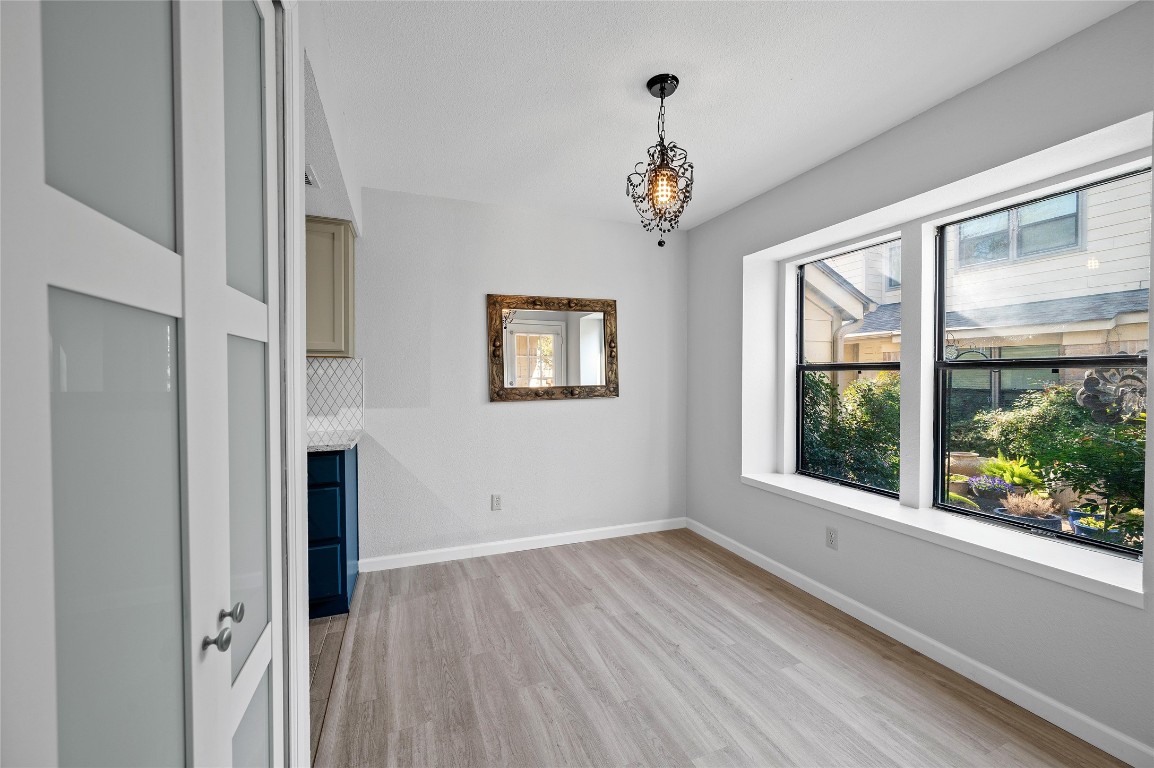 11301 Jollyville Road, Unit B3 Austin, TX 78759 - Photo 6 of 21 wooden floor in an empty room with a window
==
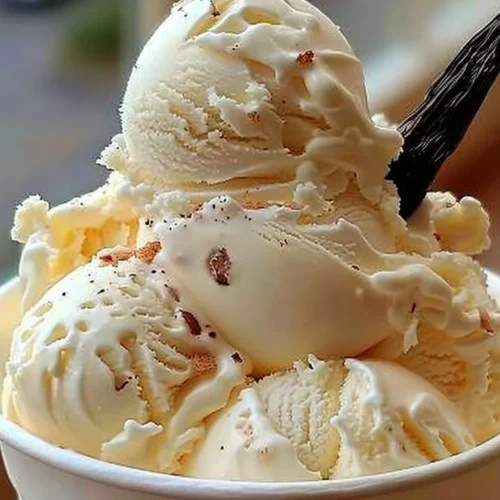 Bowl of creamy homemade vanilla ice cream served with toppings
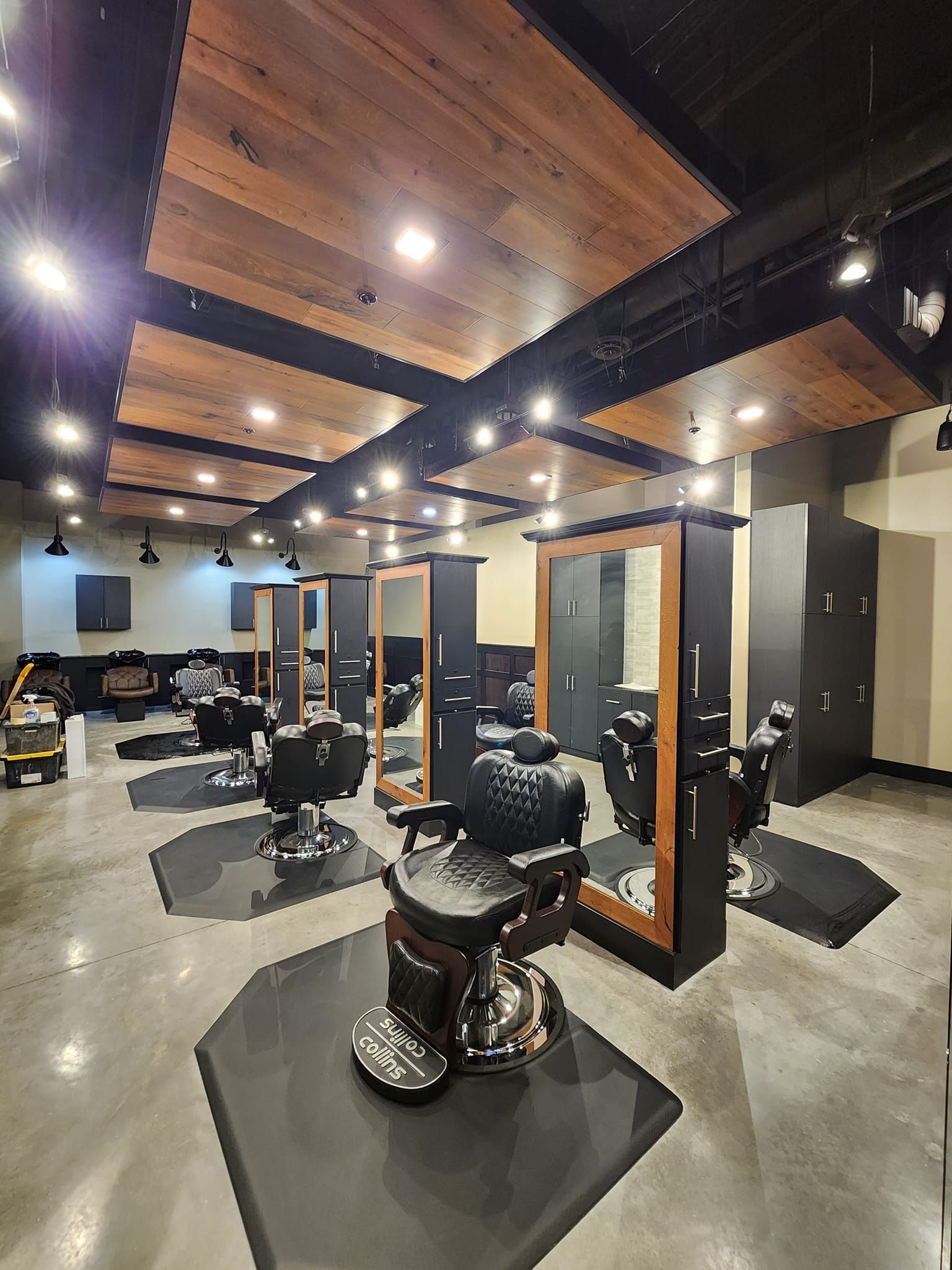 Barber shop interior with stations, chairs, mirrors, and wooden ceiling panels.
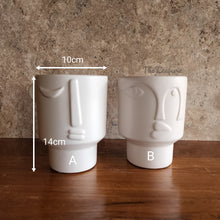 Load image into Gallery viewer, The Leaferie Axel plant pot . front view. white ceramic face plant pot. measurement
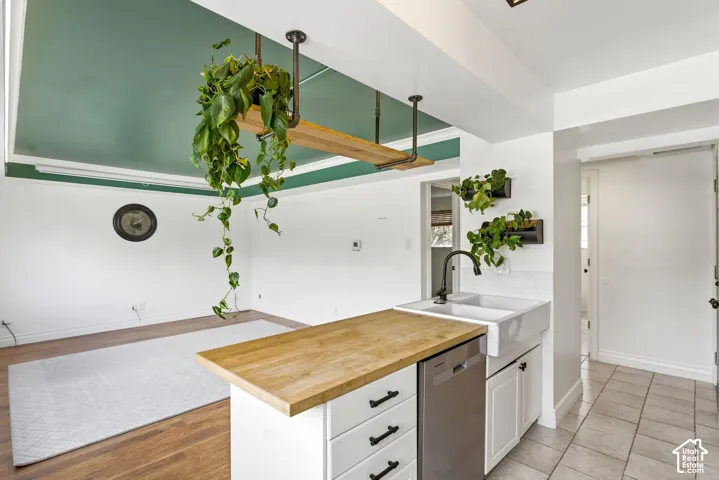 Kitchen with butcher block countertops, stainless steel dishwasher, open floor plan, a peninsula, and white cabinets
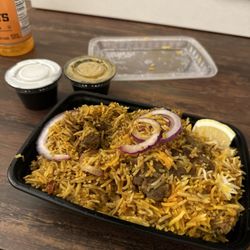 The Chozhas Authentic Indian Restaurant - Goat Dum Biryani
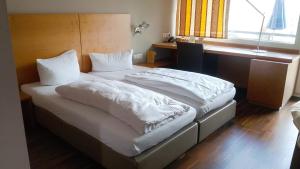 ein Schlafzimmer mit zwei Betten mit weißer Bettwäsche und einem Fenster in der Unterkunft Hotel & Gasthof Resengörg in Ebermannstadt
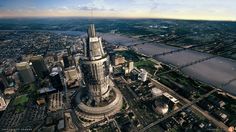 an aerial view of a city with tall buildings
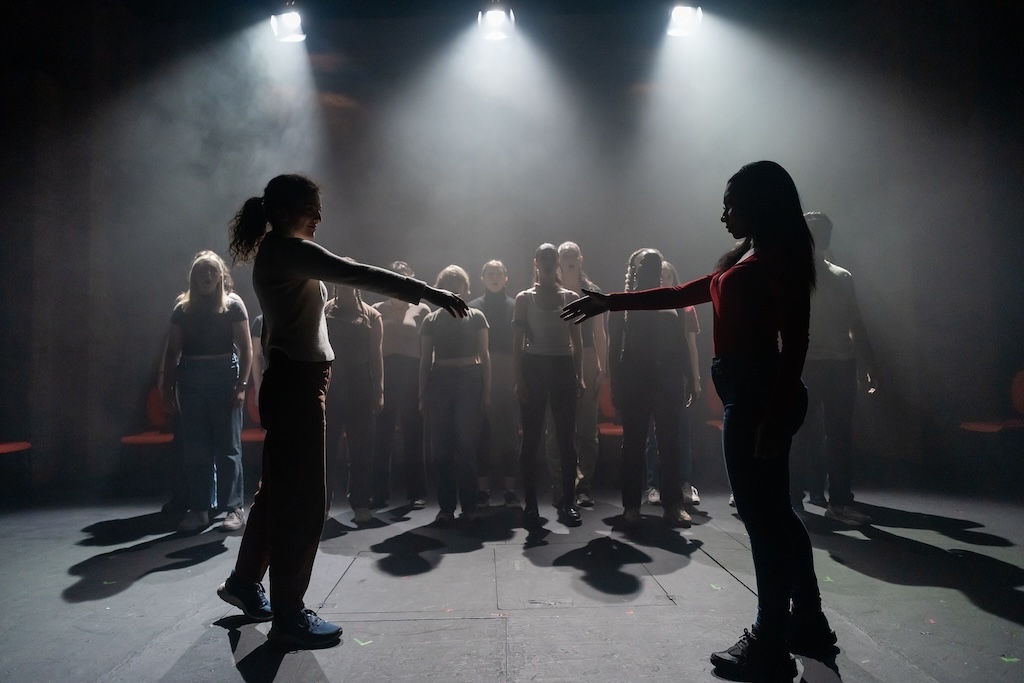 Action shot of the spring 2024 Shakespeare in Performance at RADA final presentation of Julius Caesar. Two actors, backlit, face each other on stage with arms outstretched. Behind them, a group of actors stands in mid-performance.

> _EXERCISE_
Above are records; write out the lines from the one with "Barber shop interior" down to the one with "an aerial view of a city with tall buildings", exactly, leaving the pictures out.

> _ANSWER TO THE PROBLEM_
 Barber shop interior with stations, chairs, mirrors, and wooden ceiling panels.
 Load image into Gallery viewer, The Leaferie Axel plant pot . front view. white ceramic face plant pot. measurement
 Kitchen with butcher block countertops, stainless steel dishwasher, open floor plan, a peninsula, and white cabinets
 The Chozhas Authentic Indian Restaurant - Goat Dum Biryani
 ein Schlafzimmer mit zwei Betten mit weißer Bettwäsche und einem Fenster in der Unterkunft Hotel & Gasthof Resengörg in Ebermannstadt
 an aerial view of a city with tall buildings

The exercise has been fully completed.